A Pueblo Divided tells the story of the violent privatization of communal land in Papantla, a Mexican Indian village transformed by the fast growth of vanilla production and exports in the late nineteenth century. The demise of communal landholding, long identified as one of the leading causes of the Revolution of 1910, is one of the grand motifs of Mexico's modern history. It is also, surprisingly, one of the least researched. This is the first study of the process of village land privatization in Mexico. It describes how a complex interplay of commercial, political, demographic, fiscal, and legal pressures led to social strife, rebellion, and finally parcelization. Disproving long-held assumptions that indigenous villagers were passive participants in the process, the author shows that they actually played a crucial role in the subdivision of communal property. Papantla's story is at odds with prevailing stereotypes of pueblo history, and thus points to the need for a broad reexamination of the causes, process, and consequences of rural social change in pre-revolutionary Mexico.
About the author
Emilio Kour is Associate Professor of History and Director of the Katz Center for Mexican Studies at the University of Chicago.

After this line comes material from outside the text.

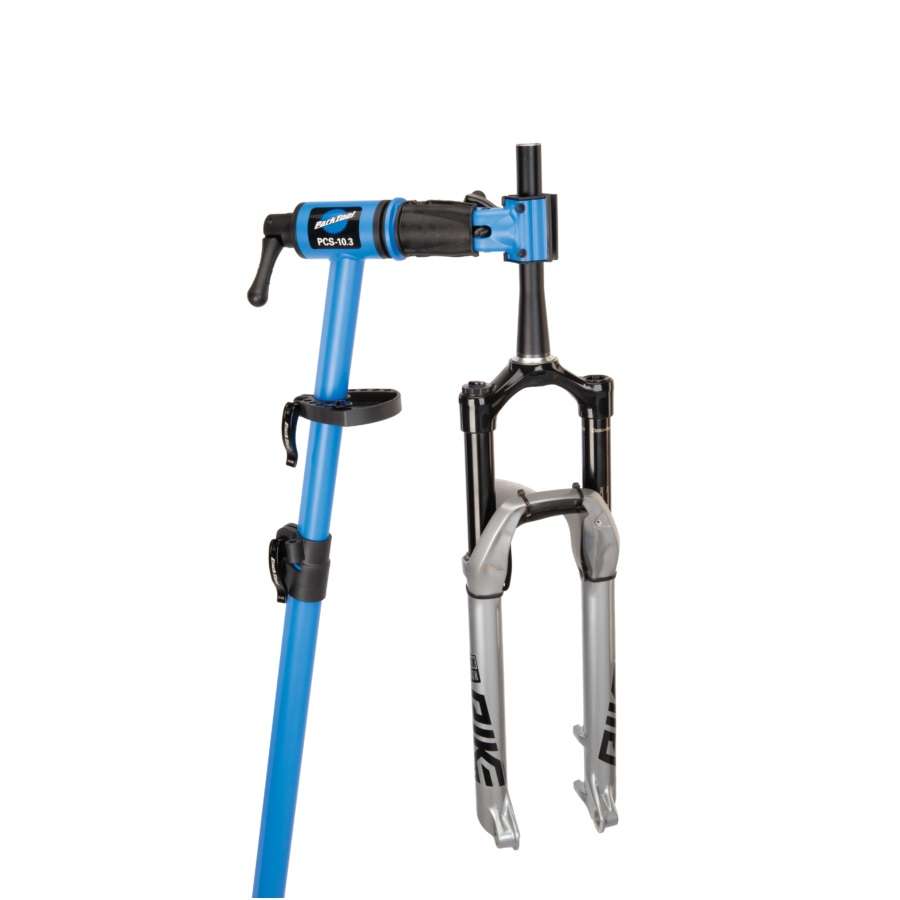  - Park Tool Deluxe Home Mechanic Repair Stand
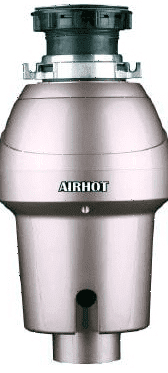 Измельчитель отходов Airhot FWD-550 - фото 1 - id-p96476160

"This excellent study nicely contextualizes these socioeconomic transformations in Papantla, both historically and geographically. The research is exhaustive and detailed, yet the book is well written and clearly argued... Importantly, it rises above the too-often simplistic dichotomy of entrepreneurs and government officials versus victimized Indians."
—Hispanic American Historical Review
"It is no small achievement for any historian to be able to say something new about this important period of Mexican history. Emilio Kour's achievement in A Pueblo Divided is far greater than that. He has been able to contribute decisively to resolving one of the most controversial and debated issues for that period. Kour paints such a vivid picture of the life of the villagers, and above all of the uprisings, that it will be a pleasure to read even for people who are not primarily concerned with this subject. This book constitutes a brilliant work and a major breakthrough in the history of the nineteenth and early twentieth centuries in Mexico."
—Friedrich Katz, The University of Chicago
"Based on a mass of evidence, clearly structured and argued, A Pueblo Divided offers a lively and informative analysis of Papantla's vanilla boom and its many repercussions. This is an impressive and original study of an important topic, hitherto rather poorly understood, now, thanks to Kour and his indefatigable research, made accessible to students of Mexican History. It fills a significant gap."
—Alan Knight, St. Antony's College, Oxford
"A Pueblo Divided rethinks the history of Mexico during the nineteenth century from the perspective of one community. Its great innovation is to see evolving divisions and integrations within indigenous Papantla in the context of both the production of vanilla for a developing Atlantic export economy and the consolidation of the 'liberal' state via land privatizations and political interventions. Detailing the political and economic complexities of Papantla in Atlantic and Mexican national contexts simultaneously, Kour offers a model history."
—John Tutino, Georgetown University
"This is economic and business history at its best, committed not only to rigorous probing of the explanatory power of external factors like world commodity markets, but also to exposing and exploring the places where those factors lose their power to explain."
—Journal of Interdisciplinary History
"Terrific—wonderfully researched, thoroughly original, and beautifully written. It may be the best book ever written on agrarian protest in Mexico; it will certainly transform the field."
—John Coatsworth, Columbia University
"This book is a landmark in Mexican rural history."